When a query is processed, it is first translated to an optimized execution plan (short as "plan") by a database plan optimizer. Later, the plan can be used directly in an interpreter-based or compiler-based system.

We take the plan as the input for our system as database research has done solid optimizations for database queries in the past decades. Therefore, we only need a translator to bridge the gap between a database plan and our HorseIR language.

To make sure the step of translation is correct and accurate, we adopt the data model of in-memory column store so that a column data can be presented as a simple vector in HorseIR. Moreover, HorseIR supports list type to store compound data with various types in order to handle mixed data types after database operations, such as the groupby operation.

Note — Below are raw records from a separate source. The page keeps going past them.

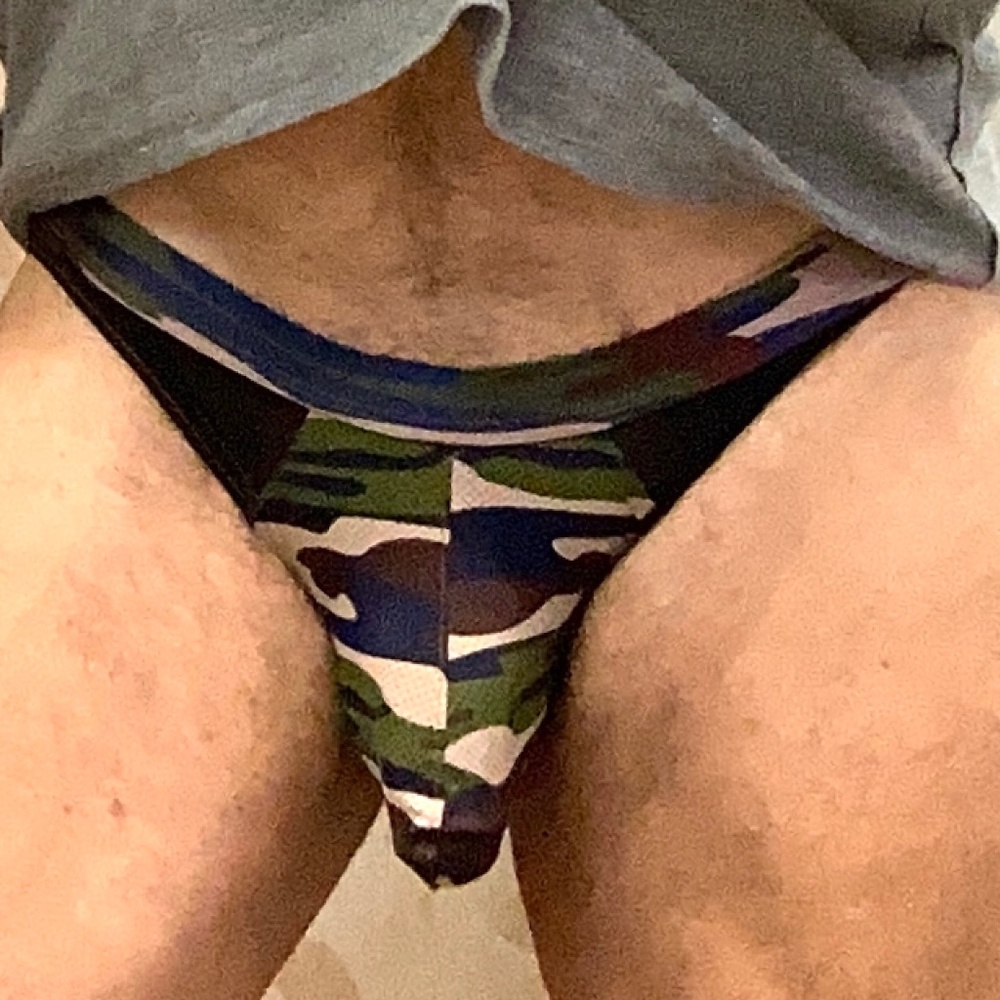 Camouflage brief, green, black and tan,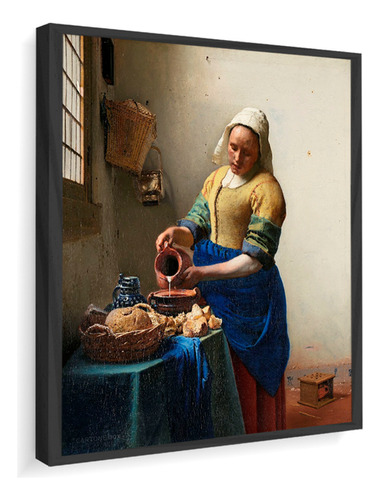 Quadro Com Moldura Vermeer A Leiteira 60x67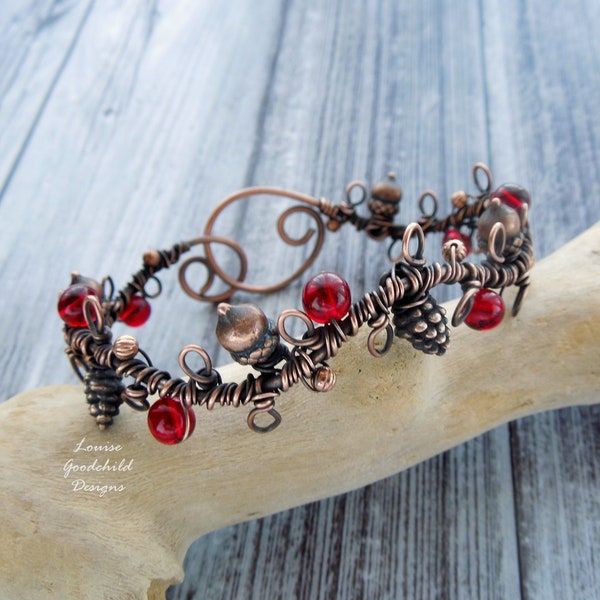 Wire wrapped copper bangle, woodland jewelry, autumn bracelet, fall bangle, copper wire, pine cones, berries, acorns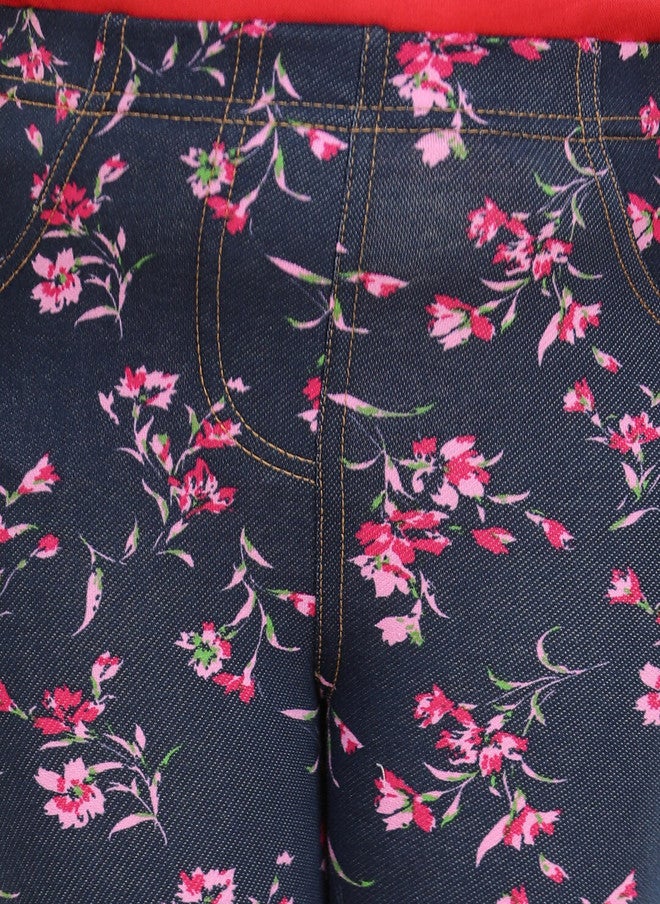 StyleStone Girls Navy-Blue & Pink Floral Printed Cotton Jeggings - Image 5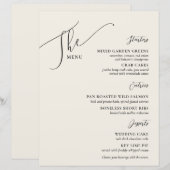 Formal Wedding Menu Elegantes Bone Black (Vorne/Hinten)
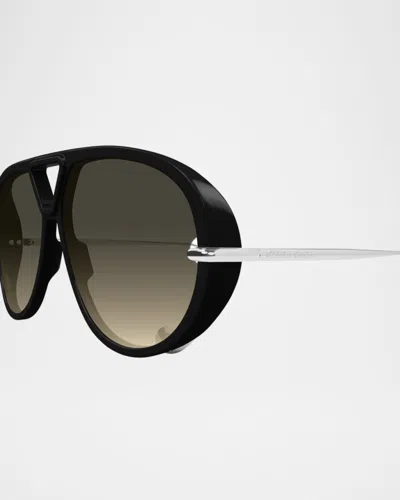 Bottega Veneta Bv1273s Linea Unapologetic 010 Black Silver Brown Sunglasses
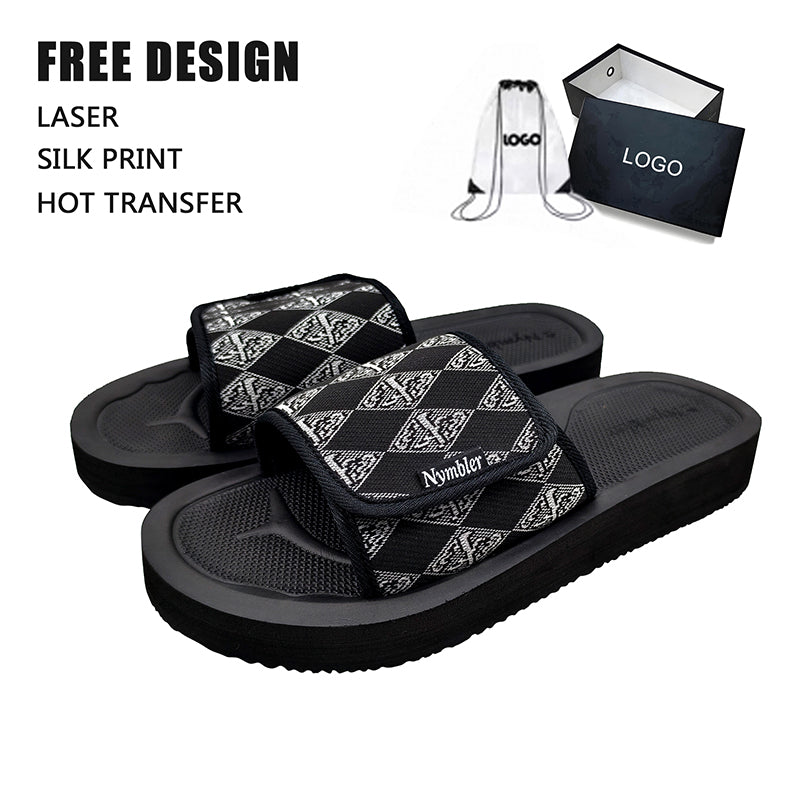 Diamond Jacquard Velcro Slides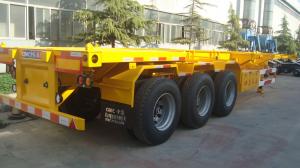 China Goose Neck 3 Axle Low Bed Trailer Equipment , Low Bed Semi Trailer Yellow Color on sale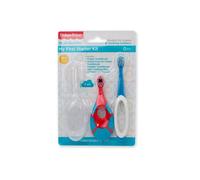 Fisher Price | Mon premier kit de démarrage | Ensemble de 4 pièces | Brosse à dents à doigts et étui de voyage, brosse à dents pour tout-petits avec anneau de dentition, brosse à dents Lil' Ones
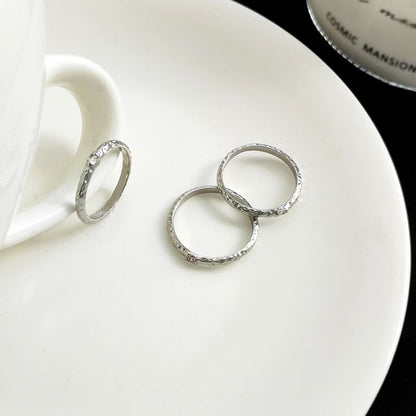 Rhinestone Textured Alloy Ring (Various Designs)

In our design, we provide two front-ends from SQL to HorseIR due to two different database systems, i.e. HyPer and MonetDB. Both systems have relatively distinct features on their own that makes it impossible to have a general solution. Therefore, we decide to support both database systems: (1) HyPer's translator is mainly for standard queries; and (2) MonetDB's translator is mainly for standard queries and UDFs.

It should be noted that the HyPer's plan has a clean format in JSON with annotations in details, while the MonetDB's plan is in a plain format with little annotations. To reduce the level of difficulty to understand MonetDB's plan, we transform a MonetDB's plan to a JSON object (different from HyPer's) as an intermediate layer before generating HorseIR code.